**Exercise details**.
Would you return every entry below exactly as written, without its images?

**Given data**.
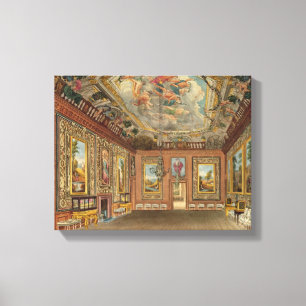 The Queen's Drawing Room, Windsor Castle uit 'Ro Canvas Afdruk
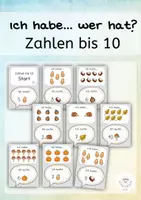 Vorschau - Spiele - Zahlenraum 10 - Ich habe...wer hat? - Deckblatt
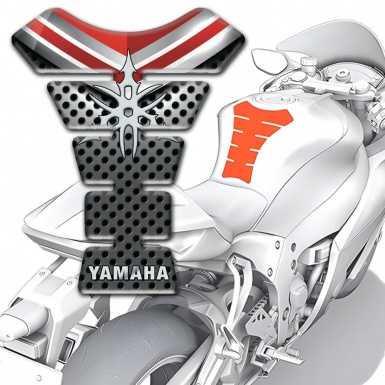 Yamaha  Tank Guard Pads Silicone Sticker with Stylish Design 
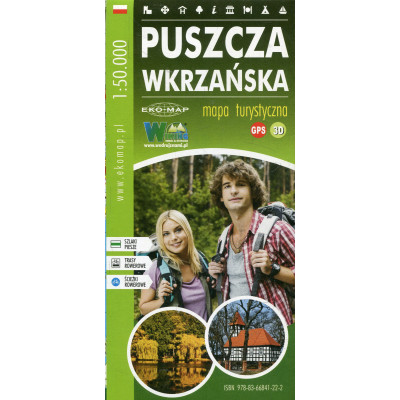 Puszcza Wkrzańska - mapa turystyczna 1:50 000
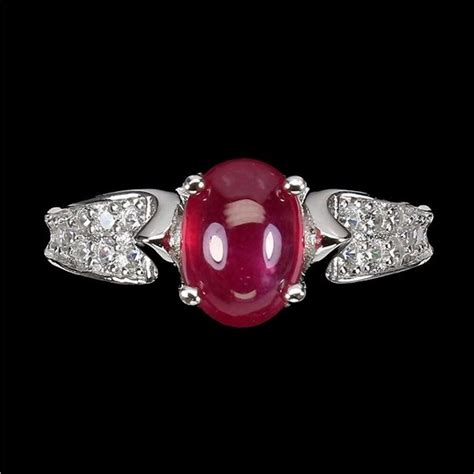 Natural Red Ruby Ring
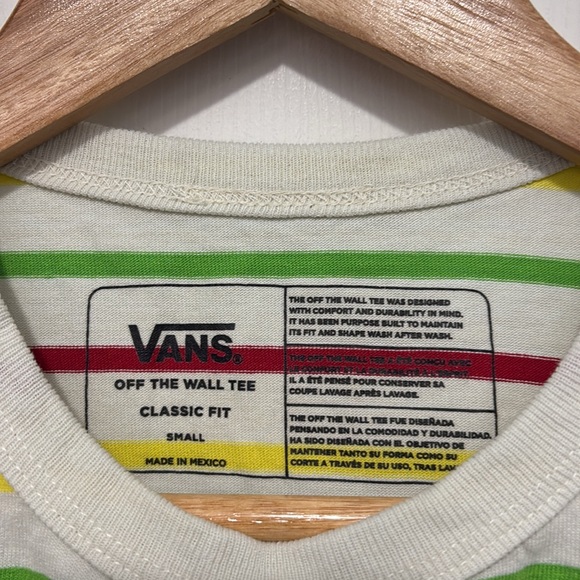VANS striped tee.  Size S - Picture 6 of 8
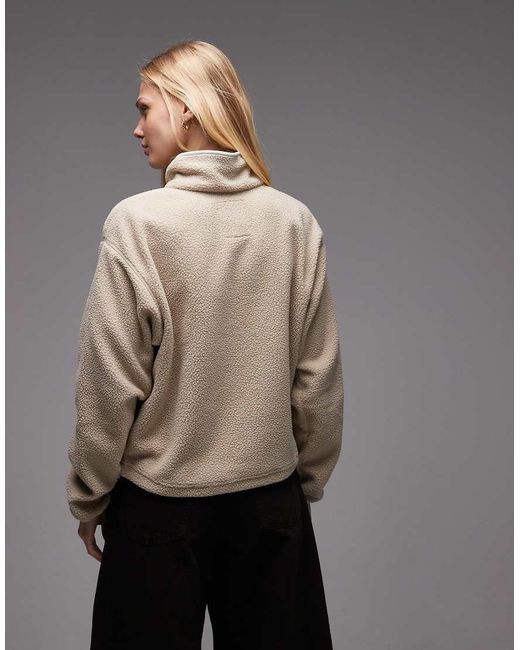 Columbia Natural Helvetia Ii Cropped Half Snap Fleece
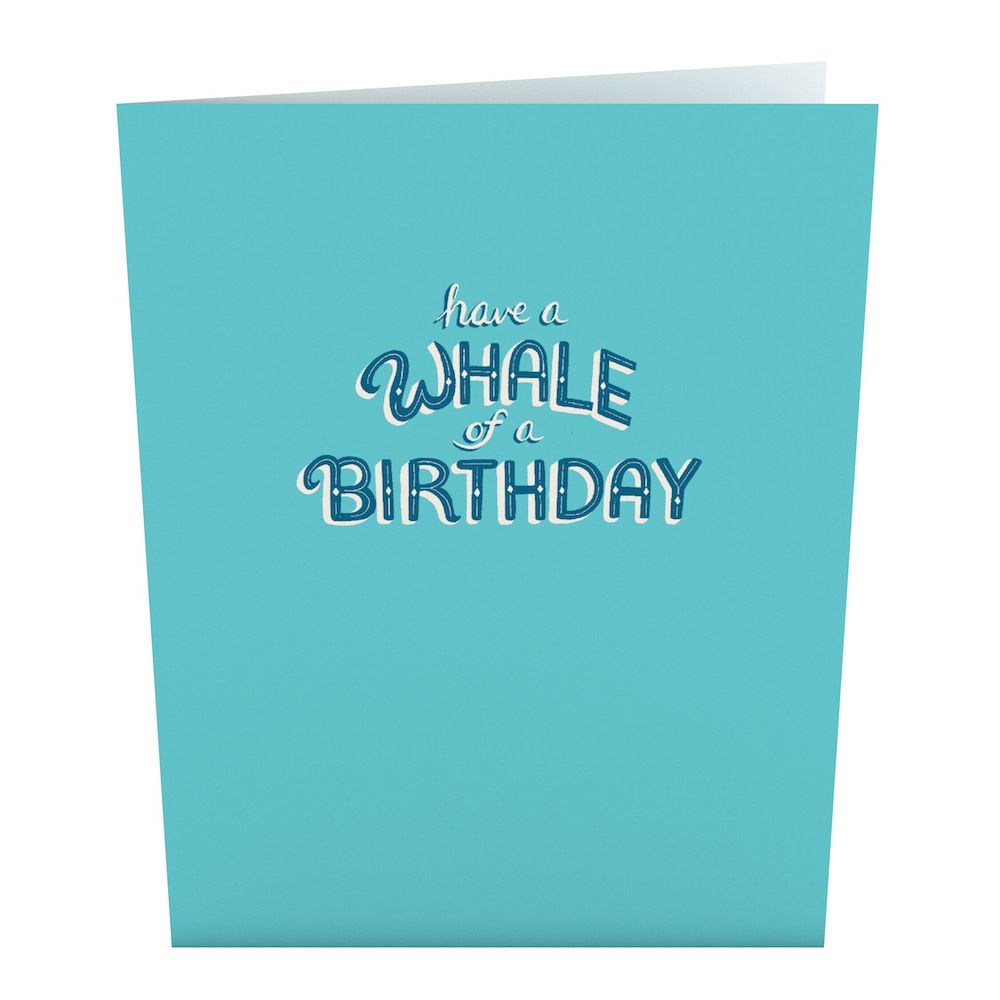 Whale of a Birthday: Paperpop® Card、mySite、solidvoid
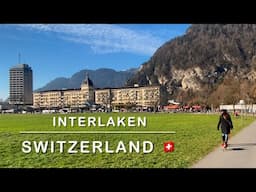 INTERLAKEN SWITZERLAND 🇨🇭Walk with HAPPY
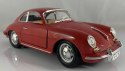 Porsche 356B coupe 1:24 red Bburago 22079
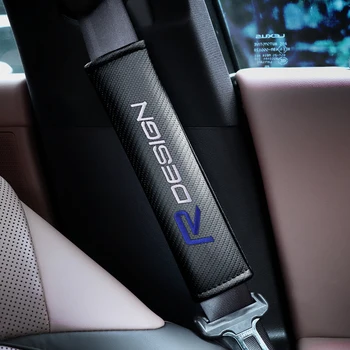 La Fibra de carbono Cinturón de seguridad de Protección de Hombro Cojín Para Volvo R DISEÑO XC90 S60 CX60 S80 V70 V40 V50 S40 Coche estilo Accesorios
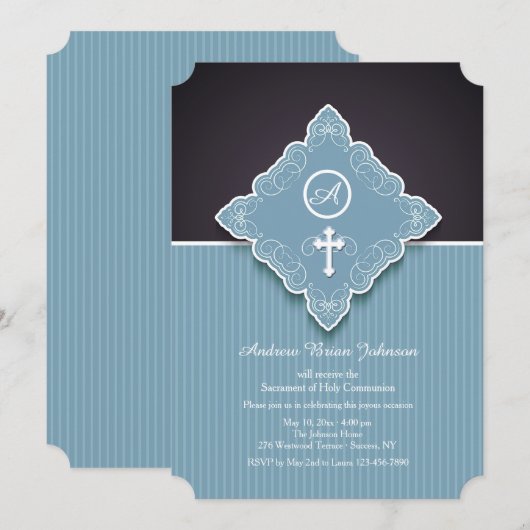 装飾バッジ招待状 招待状 (正面/裏面)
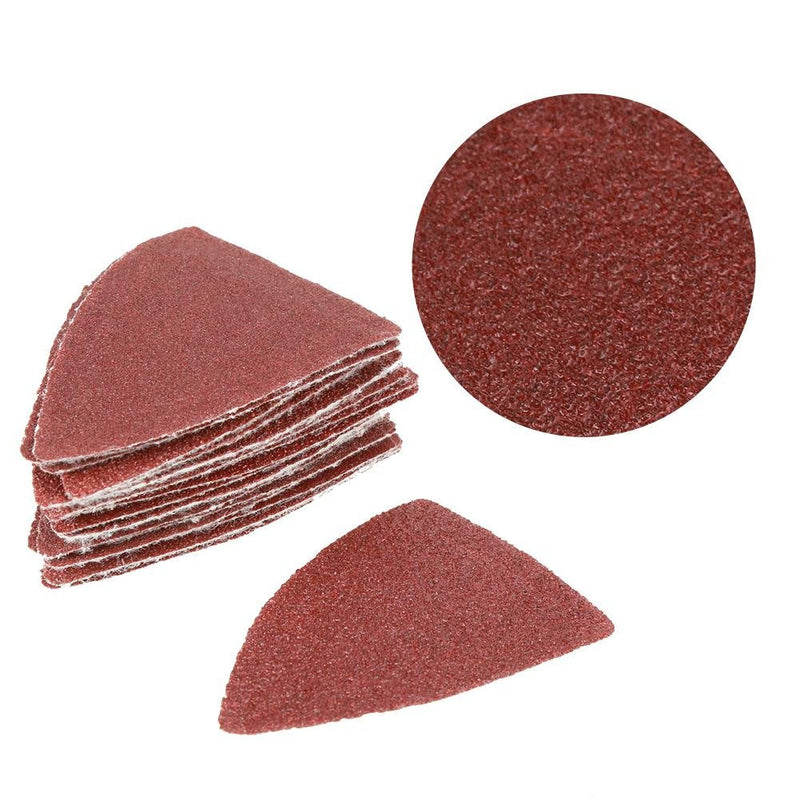 Sanding Triangles, Fydun 82PCS Oscillating Multi Tool Sand Pad Sandpaper Durable Sanding Kit for Wood Plastic Soft Metal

**Reply to the exercise**.
 The Queen's Drawing Room, Windsor Castle uit 'Ro Canvas Afdruk
 Vorschau - Spiele - Zahlenraum 10 - Ich habe...wer hat? - Deckblatt
 Yamaha  Tank Guard Pads Silicone Sticker with Stylish Design 
 Puszcza Wkrzańska - mapa turystyczna 1:50 000
 Natural Red Ruby Ring
VANS striped tee.  Size S - Picture 6 of 8
 Columbia Natural Helvetia Ii Cropped Half Snap Fleece
 Whale of a Birthday: Paperpop® Card、mySite、solidvoid
 INTERLAKEN SWITZERLAND 🇨🇭Walk with HAPPY
 Porsche 356B coupe 1:24 red Bburago 22079
 La Fibra de carbono Cinturón de seguridad de Protección de Hombro Cojín Para Volvo R DISEÑO XC90 S60 CX60 S80 V70 V40 V50 S40 Coche estilo Accesorios
 装飾バッジ招待状 招待状 (正面/裏面)
 Sanding Triangles, Fydun 82PCS Oscillating Multi Tool Sand Pad Sandpaper Durable Sanding Kit for Wood Plastic Soft Metal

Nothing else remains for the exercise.